The major product (A) formed in the following reaction sequence is:
Nitrobenzene $$\xrightarrow{(i) Sn, HCl}$$ $$\xrightarrow{(ii) Ac_2O, Pyridine}$$ $$\xrightarrow{(iii) Br_2, AcOH}$$ $$\xrightarrow{(iv) NaOH(aq)}$$ A

To determine the major product $$A$$ of the given reaction sequence, we analyze the transformation occurring at each stage. This sequence is a standard method for synthesizing para-substituted aniline derivatives while preventing unwanted polysubstitution.

The starting compound is nitrobenzene. Treatment with $$Sn/HCl$$ reduces the nitro group $$(-NO_2)$$ to an amino group $$(-NH_2)$$, producing aniline.

The aniline formed is then treated with acetic anhydride $$\left(Ac_2O\right)$$ in the presence of pyridine. This reaction acetylates the amino group to form acetanilide. The acetyl group acts as a protecting group, reducing the strong activating effect of the amino group and thereby preventing tribromination during the subsequent bromination step.

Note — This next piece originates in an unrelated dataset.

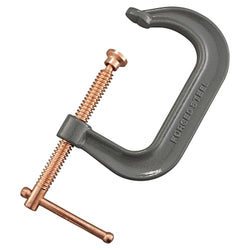 Forged C-clamp, sliding pin handle, 6-inch throat depth, 10-inch length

When acetanilide is treated with $$Br_2$$ in acetic acid, electrophilic aromatic substitution takes place. The acetamido group $$(-NHCOCH_3)$$ is an ortho/para-directing group. However, because of steric hindrance near the ortho positions, bromination occurs predominantly at the para position, yielding para-bromoacetanilide as the major product.

Finally, hydrolysis with aqueous $$NaOH$$ removes the acetyl protecting group, regenerating the amino functionality. This converts para-bromoacetanilide into para-bromoaniline.

Thus, the overall sequence is

$$\text{Nitrobenzene} \xrightarrow{Sn/HCl} \text{Aniline} \xrightarrow{Ac_2O,;Pyridine} \text{Acetanilide} \xrightarrow{Br_2,;AcOH} p\text{-Bromoacetanilide} \xrightarrow{NaOH(aq)} p\text{-Bromoaniline}.$$

Therefore, the major product $$A$$ is para-bromoaniline, in which the $$-NH_2$$ and $$-Br$$ groups are positioned para to each other on the benzene ring.

Hence, the correct answer is $$p$$-bromoaniline, corresponding to the first option.